Biagio Nazzaro was born in Turin, Italy, and was nephew of the more famous Felice Nazzaro.
He started out racing motorcycles, winning the Italian Moto GP in 1921 on an Indian. He also won the Raid Nord-Sud, a motorcycle race from Milano to Napol with an average speed of 48,6 km/h.
He switched to racing cars and in 1922 entered the Targa Florio. On the second lap he took a hairpin too quickly and the right wheel dropped of the road, flipping the car over. Fortunately Nazaro and his mechanic were unhurt. However rumours can be faster than a racing car and soon after the crash the news was sent out around the world that the great Felice Nazzaro, winner of the 1907 French GP, the winner of the 1907 and 1913 Targa Florio, had had a fatal crash in his attempt to take his third win.

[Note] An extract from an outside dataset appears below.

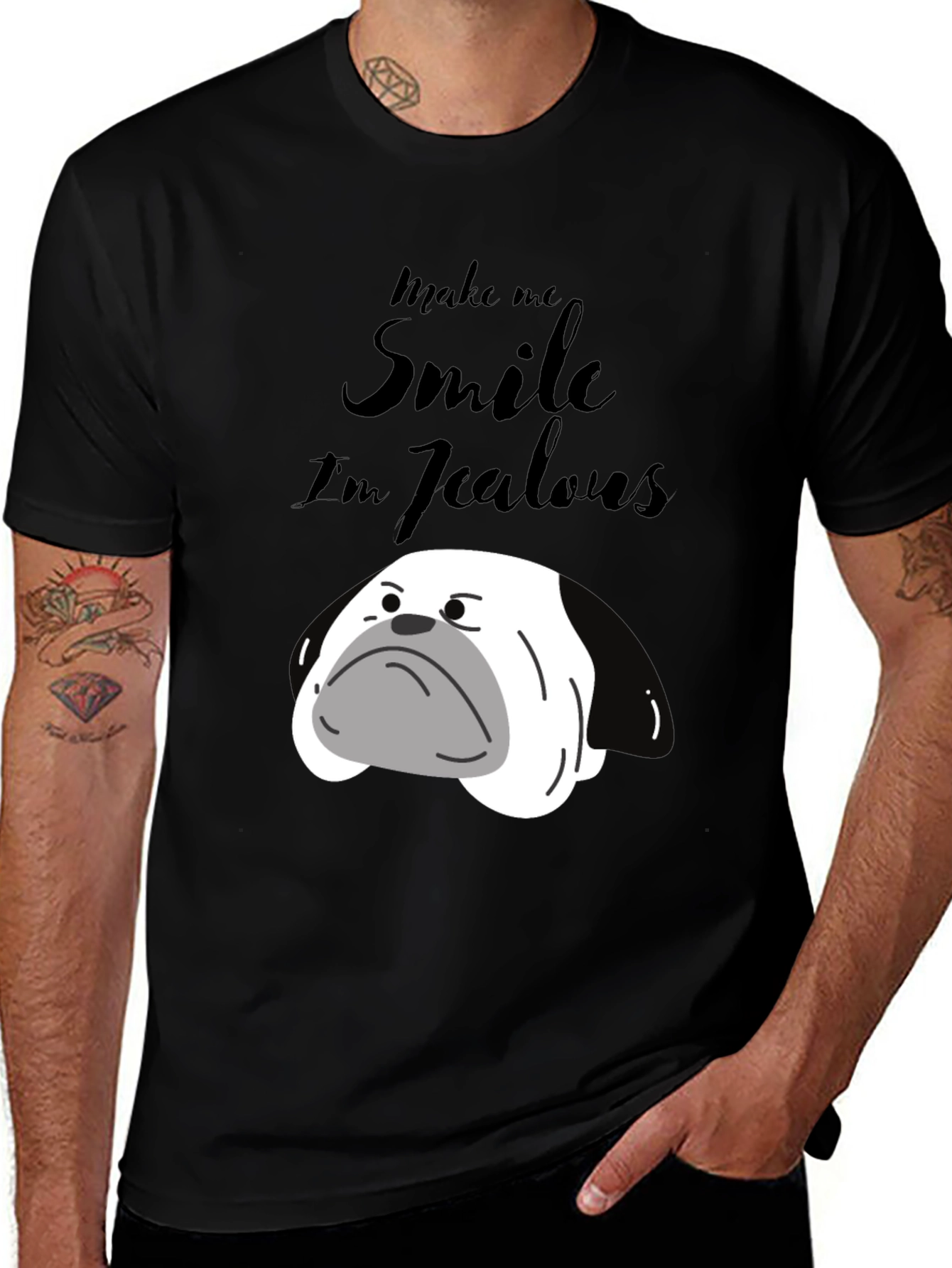 Variant 30 of Jealous Dog Graphic Tee - Unisex Black T-Shirt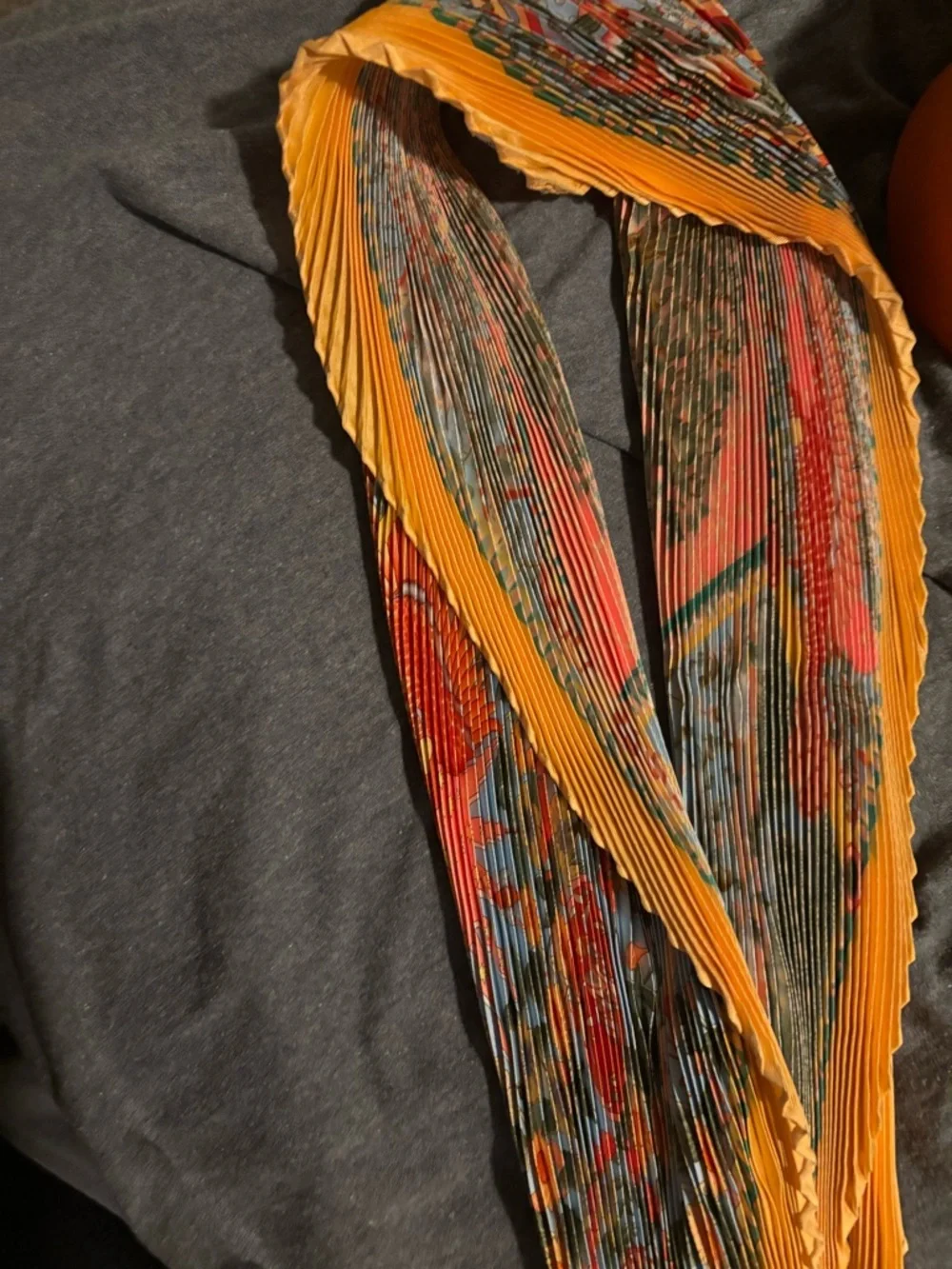 HERMES Carre 90 Pleated AXIS MUNDI Unisex Scarf Orange with box - Picture 9 of 9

In 1922 the French Grand Prix was held on a circuit of 13 Km, just east of Strasbourg. It was laid out on a triangle made of roads between the small Alsacian villages of Entzheim, Innenheim and Dutlenheim, with the start at Duppigheim. The track consisted of 2 fast long straights, with one hairpin at Entzheim, and a winding section of small local roads between Innenheim and Dutlenheim.
The Grand Prix was run under the new 2 liter formula of 1922 and the cars had to have a two seater body, and a maximum dry weight of 650 kilograms. The Ballot and Bugatti cars had some interesting aerodynamic nose and Fiat entered four new 6 cylinder 804s. This car was dominant during the race with Pietro Bordino and Felice Nazzaro.
However after 5 hours, Biagio's car had a problem, loosing a wheel at full speed. The car left the road, hit a tree and barrel rolled. Biagio Nazzaro was killed. Two laps later, Bordino lost a rear wheel and also crashed but fortunately at a slower speed. Later, Fiat engineers discovered a rear axle problem. Apparently after he had finished the race, a mechanic tapped a rear wheel on his car with a hammer and it fell off.
Felice Nazzaro learned of Biagio’s death at the finish.
Only three cars were classified Felice, Pierre De Vizcaya who came second in his Bugatti type 30 and Pierre Marco also in a Bugatti Type 30.